**TASK BRIEF**: Every line of the following records that includes "Coen" should be copied.

════════════════════

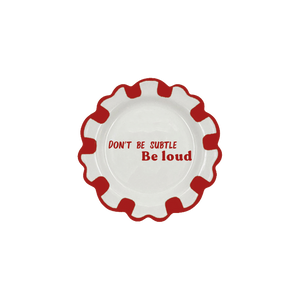 Be Loud Dessert Plate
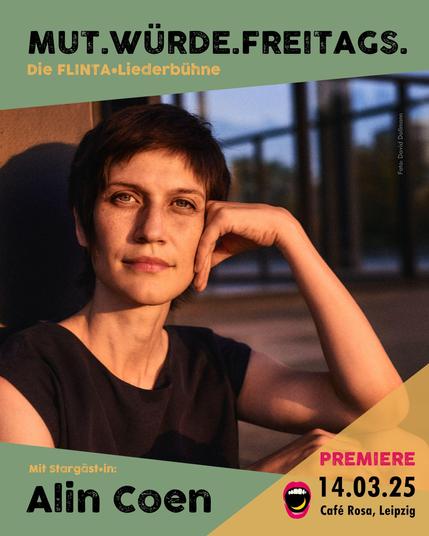 Hier ist wieder ein schöner Flyer für unsere Premiere am Sonntag - in grün und gelb. 

Darauf ist ein Bild von Alin Coen, ihren Kopf auf die Hand abgestützt, in der Abendsonne, in die Kamera schauend.

Die Leipziger Liederszene präsentiert:
MUT.WÜRDE.FREITAGS.
Die FLINTA* Liederbühne
Von Ellen Bonte und Masha Potempa
Mit Stargästin Alin Coen
Und Überraschungsgäst*in
Freitag 14.03.25
Café Rosa, Leipzig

════════════════════

**ANSWER BOX**:
Darauf ist ein Bild von Alin Coen, ihren Kopf auf die Hand abgestützt, in der Abendsonne, in die Kamera schauend.
Mit Stargästin Alin Coen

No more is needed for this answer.